I am no scholar. I always feel embarrassed when I am called “an expert in Clare” by my brothers. Yet I also feel honoured. After all, I only have a diploma in Franciscan Studies and Spirituality from the Franciscan Study Centre in Kent, England. Ironically though that is what set me on my journey to Clare of Assisi – to understand, discover, and weave her feminine side into my Franciscan inspiration and life.
Clare’s tapestry of Franciscan Spirituality is manifested in her Letters to Agnes of Prague, and I have woven her Mirror Spirituality and Meditation on the San Damiano Crucifix into my Franciscan Spiritual Living Approach. I endeavour to be as Clare encouraged – “Be filled with a remarkable happiness and a spiritual joy!” (1 Letter to Agnes of Prague).

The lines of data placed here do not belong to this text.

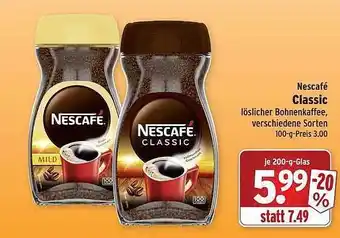 Wasgau Nescafé Classic Angebot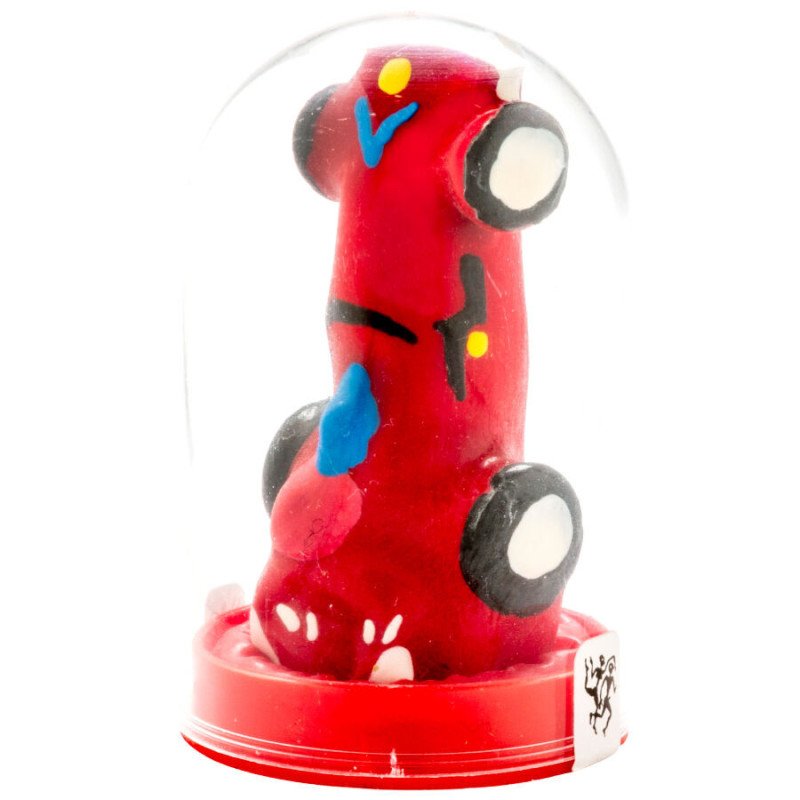 CONDOMERIE - CONDONES DE NOVEDAD PINTADOS A MANO CON DISEÑO DE COCHE DE CARRERAS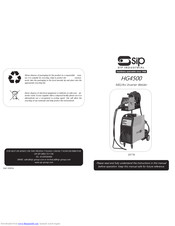 SIP HG4500 Instruction Manual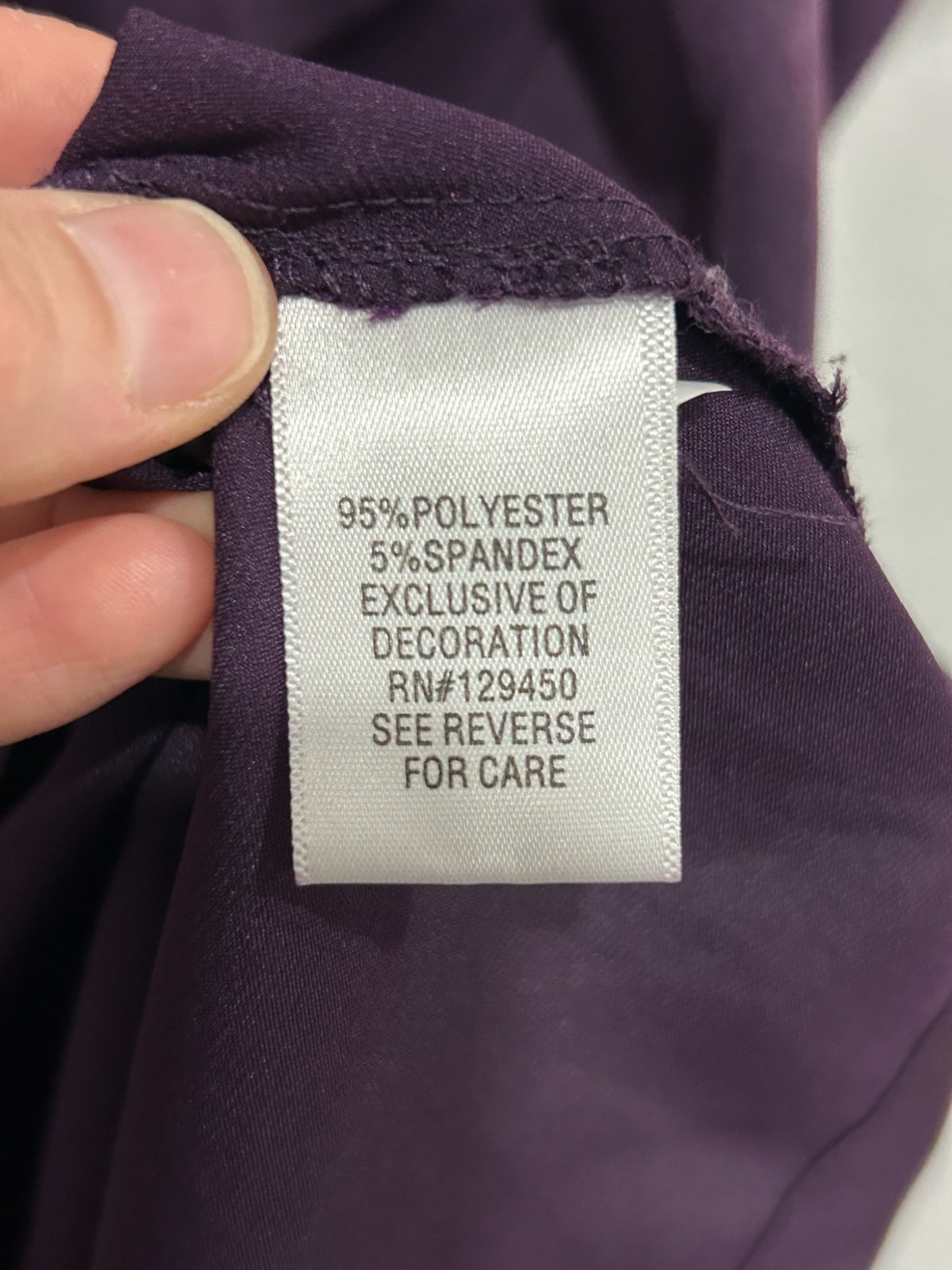 Apt. 9 Women’s Purple Studded Shoulder Back Zipper Blouse Size XL Boho Glam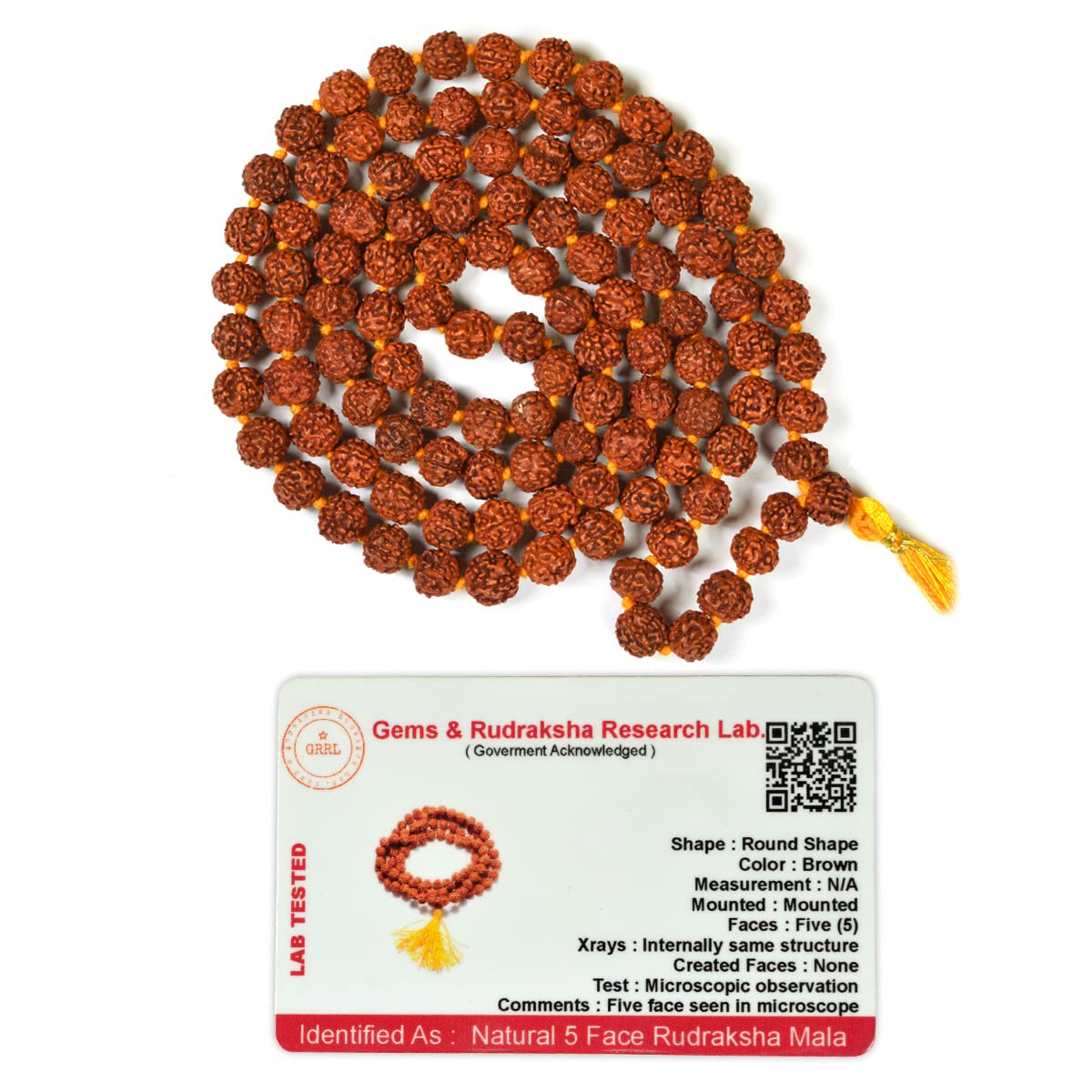 Reiki Crystal Products Lab Certified 5 Mukhi Rudraksha Mala Men/Women Wearing 7-8 mm 108+1 Bead Natural Brown Rudraksha Beads Mala Pack of 1 (Color : Brown) (B0BKW2HDB2) Amazon Price History, Amazon Price Tracker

In her Mirror Spirituality, Clare points to the Cross as the Mirror. Gazing at it, considering it, contemplating it, and listening to it let her not only see herself and Christ, but also become the imitation of that relationship reflected in and through the Mirror. Clare evokes this in her Testament to her sisters “to be models and mirrors for others may behold themselves in us”, and this has become a constant reminder of my intimacy with Christ in the Mirror. I am to be a Mirror inspiring those who gaze, consider, and contemplate it become mirrors themselves.

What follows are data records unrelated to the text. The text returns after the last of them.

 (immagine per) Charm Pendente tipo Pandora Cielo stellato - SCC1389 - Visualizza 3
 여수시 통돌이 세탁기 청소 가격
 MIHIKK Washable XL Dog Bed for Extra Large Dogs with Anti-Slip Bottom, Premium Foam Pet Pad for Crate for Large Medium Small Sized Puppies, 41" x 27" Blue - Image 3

Clare’s intuitive Meditation (4 Letter to Agnes of Prague) on the San Damiano Crucifix combines elements of Lectio Divina and Visio Divina. Just as Francis heard the San Damiano Crucifix speak to him, in her Meditation, Clare is led (leading me) on a journey into the labyrinth of the Crucifix. She begins by reflecting on God’s vulnerability and poverty (my own vulnerability), moves to God’s charity and embrace (God accepts me), then into the depth of God’s love and Self-Giving (God graces me), until finally she is given a contemplative assurance that God is always embracing her (and with me), and calling her “to rebuild”, just as He called Francis.